ホテルから広島駅までに立ち食い蕎麦屋でもあるだろと思っていたが、見つけられずあれよあれよと宮島へ到着。9時。
結局、朝ご飯を食いっぱぐれる。
宮島で一番早い開店時間の飲食店は10時。開店するまで待ちわびた。結局、宮島の名物というアナゴ重を食べた。どこの店でも出している。
実際に入った店のアナゴ重は、空腹だったわりには感動もなく。適当な仕事してても観光客相手なら大丈夫だしね。
さて、宮島といえば厳島神社。厳島神社は文句なしにカッコイイ。
豊国寺の千畳閣も良かった。宮島名物しゃもじを買った。
雨で山は霧に覆われているし弥山みせん登頂はどうしようかと思ったが、雨もまたひょっとしたら良いかもと思って実現することにした。宮島ロープウェイは2つのゴンドラを乗り継ぐ珍しい形態。ロープウェイから山を見ると深い森林であることが分かる。うっそうと生い茂る緑の葉がこんもりした森林の一面の緑に、立ち枯れした白い木々が混ざる。
大汗かいてロープウェイの駅から弥山(みせん)山頂まで30分の登山。16時から広島のホテルでオンラインMTGの予定があり、急いでいたからという理由もあり、トレイルランしてる気分でスピード登山。山頂で汗だく。そして案の定、山頂は霧に包まれて視界不良。でも山頂の巨石群は美しい。雨に打たれてしっとりと濡れた岩肌はセクシーだ。
帰り、名物のもみマンこと紅葉まんじゅうを一つ買ってフェリーの展望席(雨がちょっとかかるモノズキの屋外席)で食べた。まあ、まんじゅうだね、驚きなし。
そしてフェリー→JR乗り継いで広島駅へ。駅内にある立ち食い蕎麦屋で天ぷらうどんを食べた。
朝、この店に会いたかった。温かい。うまい。
ホテルに戻り大浴場でサッパリ。部屋でオンラインMTG。
広島へ来たら絶対に食べたいと思っていたのが「もつの天ぷら」。ロケットニュースの記事で見て気になっていたのだ。

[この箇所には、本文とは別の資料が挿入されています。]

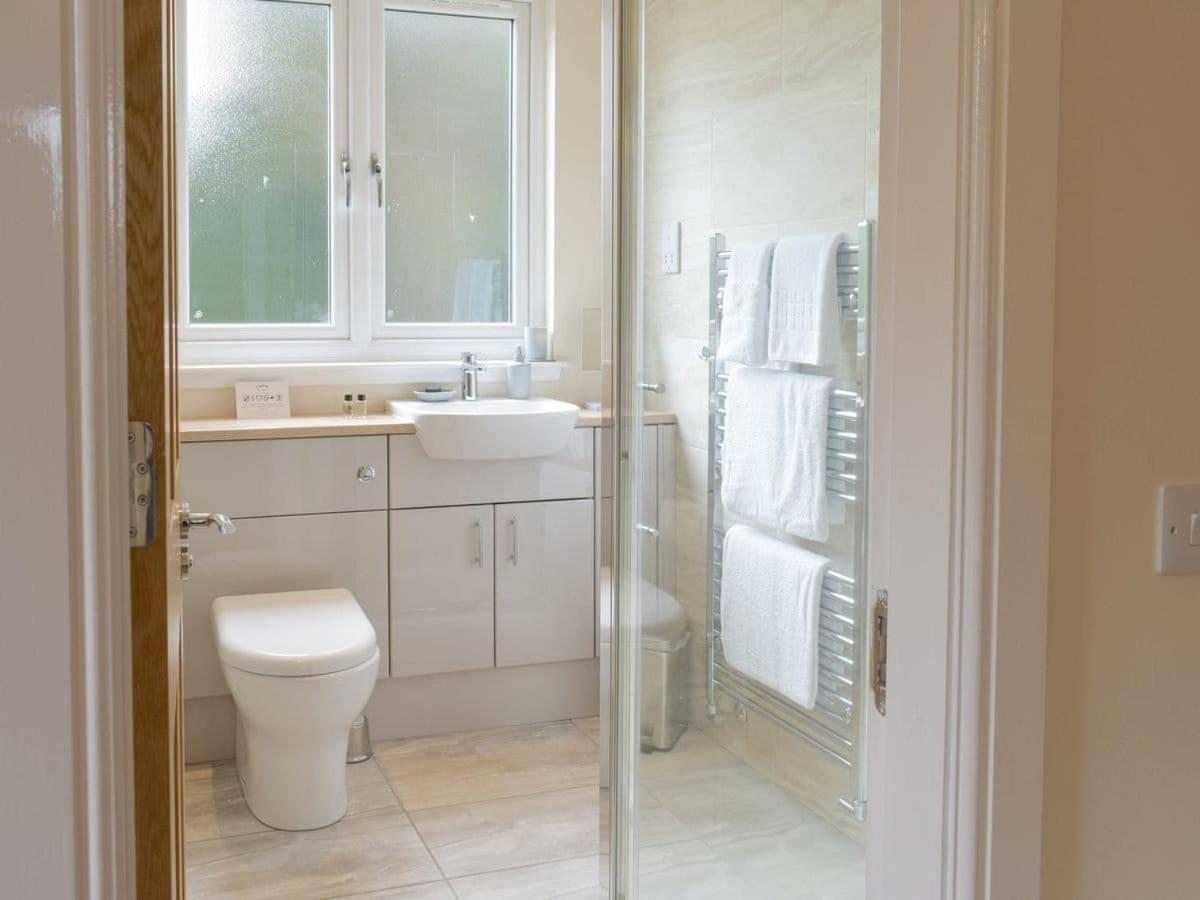 Estate At Carberry Tower Holiday home Edinburgh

しかしタクシーや電車で移動したくない。そこで「もつの天ぷら」が食べられる広島駅周辺の店を検索して、発見。行ってみる。モツを天ぷらで揚げる。脂×油という悪魔的な組み合わせ。食べた。これは重い。ズシリと重い。かなり残した。ハラミステーキも頼んだが、そちらは完食。もつの天ぷらは名前そのまま。もう食べることはないだろう。
可愛くて愛嬌のある店員さんが2回に1回くらい来てくれる。個室のため来てもらう以外に接するチャンスはないが、来た時にはめっちゃ話す。帰り際、店の外に出たらガラス越しに店内にいる店員さんと目が会う。笑顔で手を振り合って、手でハートマークしてくれた。僕もハートマークで応答、投げキスをコチラからしたら返してくれた。これは最高に嬉しい。また店に入り直してオープンな席に座ろうかと考えたけれど結局やめた。食べたいものが何もなかったし。あれ以上店に滞在するのは厳しかったのでしょうがない。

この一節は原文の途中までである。